Kyle Grillot - kgrillot@shawmedia.com
The vacant Motorola campus, now owned by Optima International, appears to have reduced maintenance on the grounds. The power has been shut off, and the property taxes, more than $329,000 for this year, have not been paid.
Kyle Grillot - kgrillot@shawmedia.com The vacant Motorola campus, now owned by Optima International, appears to have reduced maintenance on the grounds. The power has been shut off, and the property taxes, more than $329,000 for this year, have not been paid.

HARVARD – Electricity at the Motorola building has been turned off since the spring. When showing the building to prospective tenants or buyers, Charlie Eldredge, the executive director of the Harvard Economic Development Corp., and real estate brokers have had to use a flashlight to lead people around.

Weeds are growing through the cracks of the empty parking lot, adding to the signs that activity on the property has gone to minimum levels.

Eldredge said the building is in fine condition for now.

“If they don’t turn the heat on this winter, it won’t be fine,” Eldredge said.

“Going forward without power will be very difficult,” he added.

As brokers try to find a tenant or buyer for the 1.5-million-square-foot former Motorola campus at 2001 N. Division St., Harvard, that has been vacant since 2003, Optima International is delinquent on the property taxes it owes on the property.

Optima International owes more than $329,000 in property taxes on the property after it did not pay its tax bill this year, said Glenda Miller, chief deputy McHenry County treasurer.

The company has been sent a delinquent notice, Miller said.

Miller added Optima, who bought the property in 2008 for $16.75 million, paid its property taxes last year.

If the taxes remain unpaid by Oct. 24, the taxes will be put up for sale in an auction. The winning bidder then would be able to place a lien on the property.

Still the property remains listed by Jones, Lang and LaSalle. The asking price has been lowered to $25 million, Eldredge said. In the spring, the asking price ranged from $32 million to $37 million.

Phone calls to Optima International, and Jones, Lang and LaSalle have not been returned.

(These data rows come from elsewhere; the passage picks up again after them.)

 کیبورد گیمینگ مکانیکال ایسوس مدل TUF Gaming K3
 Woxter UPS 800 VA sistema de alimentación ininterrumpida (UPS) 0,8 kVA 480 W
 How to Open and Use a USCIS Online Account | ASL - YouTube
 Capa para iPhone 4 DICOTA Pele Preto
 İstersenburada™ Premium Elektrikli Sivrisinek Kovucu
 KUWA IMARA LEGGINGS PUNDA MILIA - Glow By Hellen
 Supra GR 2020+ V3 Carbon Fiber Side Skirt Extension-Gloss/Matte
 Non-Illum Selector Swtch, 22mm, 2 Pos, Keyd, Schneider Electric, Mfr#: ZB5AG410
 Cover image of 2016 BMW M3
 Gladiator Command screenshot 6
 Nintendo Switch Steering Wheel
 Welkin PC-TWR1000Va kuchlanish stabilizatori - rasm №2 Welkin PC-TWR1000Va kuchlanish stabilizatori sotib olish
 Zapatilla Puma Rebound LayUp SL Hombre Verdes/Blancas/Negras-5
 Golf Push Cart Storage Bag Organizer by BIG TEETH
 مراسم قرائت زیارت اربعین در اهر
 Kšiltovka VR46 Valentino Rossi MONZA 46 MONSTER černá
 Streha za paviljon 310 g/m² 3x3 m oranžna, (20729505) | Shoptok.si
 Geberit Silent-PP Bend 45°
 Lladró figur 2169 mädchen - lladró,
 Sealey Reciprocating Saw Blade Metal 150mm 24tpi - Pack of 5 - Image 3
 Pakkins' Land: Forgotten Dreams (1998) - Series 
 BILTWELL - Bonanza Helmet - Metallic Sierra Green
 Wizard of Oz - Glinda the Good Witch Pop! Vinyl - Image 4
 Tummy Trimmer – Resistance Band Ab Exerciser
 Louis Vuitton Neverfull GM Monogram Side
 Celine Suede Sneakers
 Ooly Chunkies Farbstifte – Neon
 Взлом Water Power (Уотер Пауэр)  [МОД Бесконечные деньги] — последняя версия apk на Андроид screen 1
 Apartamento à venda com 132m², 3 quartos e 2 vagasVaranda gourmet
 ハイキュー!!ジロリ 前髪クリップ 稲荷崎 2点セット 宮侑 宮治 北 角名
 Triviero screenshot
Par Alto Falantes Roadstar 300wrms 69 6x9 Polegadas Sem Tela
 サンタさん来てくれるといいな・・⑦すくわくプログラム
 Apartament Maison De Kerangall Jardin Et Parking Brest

City officials don’t have any plans to try to control the building.

“It’s private property,” City Administrator Dave Nelson said. “We don’t own it. It’s a building for sale. It’s in private ownership. Whatever they do with it, is their choice to do with it.”

Eldredge said a maintenance staff is maintaining the property that includes a fitness center, two child care centers, 500-seat auditorium, and 1,100-seat cafeteria all move-in ready. He said it remains a beautiful structure.

Eldredge said two China-based companies have shown interest. He said he didn’t believe they would look at the building unless they had serious interest.

Eldredge did say the building can be useful for different types of businesses or entities, such as an educational institution, light manufacturing or a distribution center.

“It can be converted to a branch for a college with multiple types of training programs,” Eldredge said. “It has a modern and top-notch material handling system in the building.”